A limit on health-care fees per year exists; 150-400 SEK for each visit to a doctor, regardless if they are a private doctor or work at a local health-care center or a hospital. When visiting a hospital, the entrance fee covers all specialist visits the doctor deems necessary, like x-ray, rheumatism specialist, heart surgery operations and so on. The same fee is levied for ambulance services. After 1150 SEK have been paid, health-care for the rest of the year will be provided free of charge.
Dental care is not included in the general health care system, but is partly subsidized by the government. Dental care is free for citizens up to 23 years of age.
Mental health care is an integrated part of the health care system and is subject to the same legislation and user fees as other health care services. If an individual has minor mental health issues, they are attended to by a GP in a primary health setting; if the patient has major mental health issues they are referred to specialized psychiatric care in hospitals.
According to the Euro health consumer index the Swedish score for technically excellent healthcare services, which they rated 10th in Europe in 2015, is dragged down by access and waiting time problems, in spite of national efforts such as Vårdgaranti. It is claimed that there is a long tradition of steering patients away from their doctor unless they are really sick.
Urgent cases are always prioritized and emergency cases are treated immediately. The national guarantee of care, Vårdgaranti, lays down standards for waiting times for scheduled care, aiming to keep waiting time below 7 days for a visit to a primary care physician, and no more than 90 days for a visit to a specialist.
According to Nima Sanandaji, at the end of 2017, 643,000 individuals in Sweden were fully covered by private health insurance, which is 6.5% of the population of Sweden. This is an increase of over half a million fully covered by private health insurance compared to 2000.
The Swedish health system is mainly effective but there are some problems within the system. Increased access to primary care is one issue that arises. Most citizens in Sweden go to the hospital for routine check ups.

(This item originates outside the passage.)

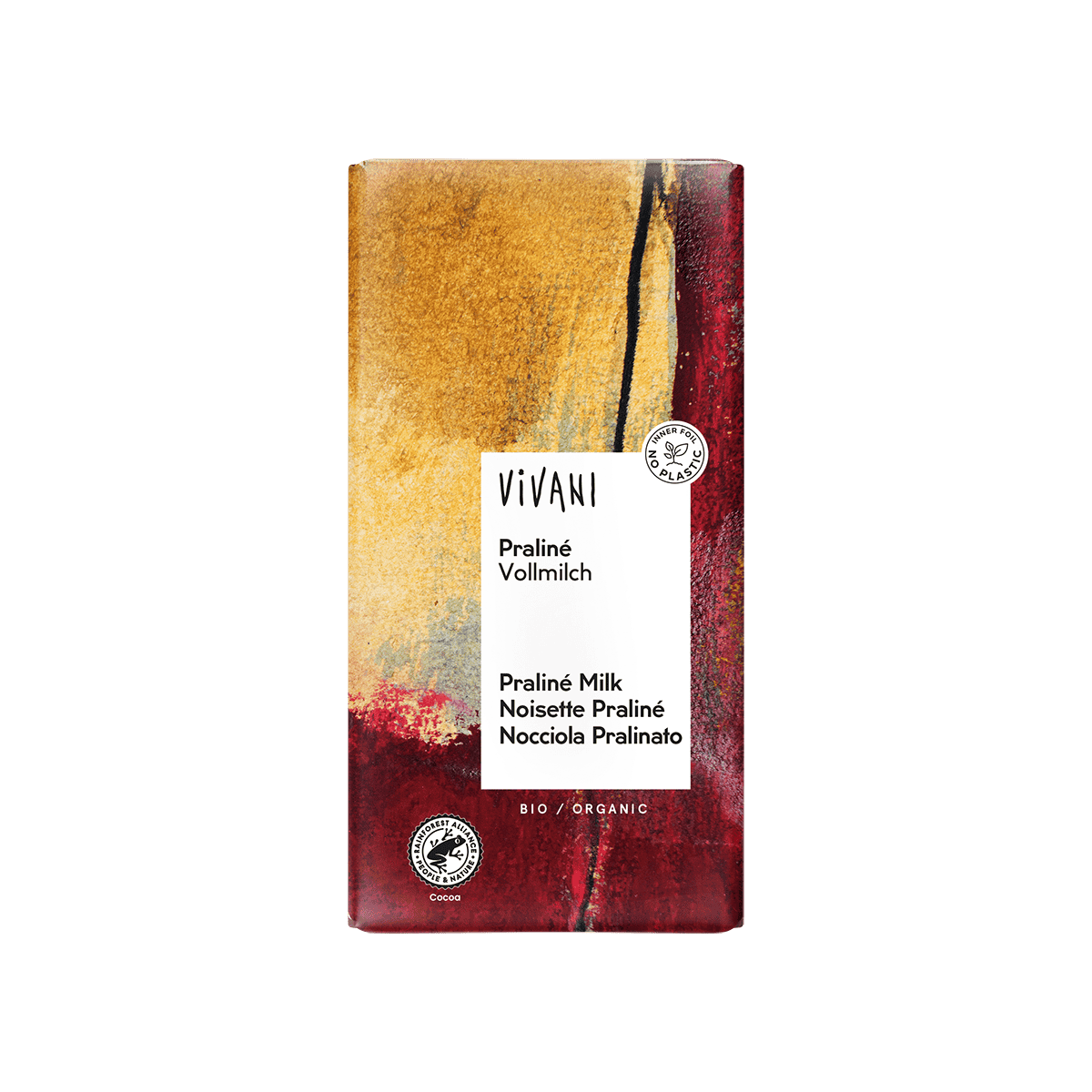 10 x Vivani Milk Praliné Organic - 100g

Primary care needs to be made more readily accessible to Swedes instead of them going to hospitals for minor health needs. Another issue is Swedish emergency units are below the minimum safe size[vague]. The decentralized healthcare system in Sweden leads to this inefficiency, because of decentralization the counties are granted an extreme amount of flexibility. The coordination between counties and municipalities is affected because of this constant shifting and flexibility.
In recent years the health care system of Sweden has been heavily criticized for not providing the same quality of health care to all Swedish citizens. This was especially brought to light during the COVID-19 pandemic as Swedish media and public health researchers pointed out that Swedish citizens of other ethnicities than Swedish and people living in working class areas were dying from COVID-19 at a significantly higher rate than the rest of the population.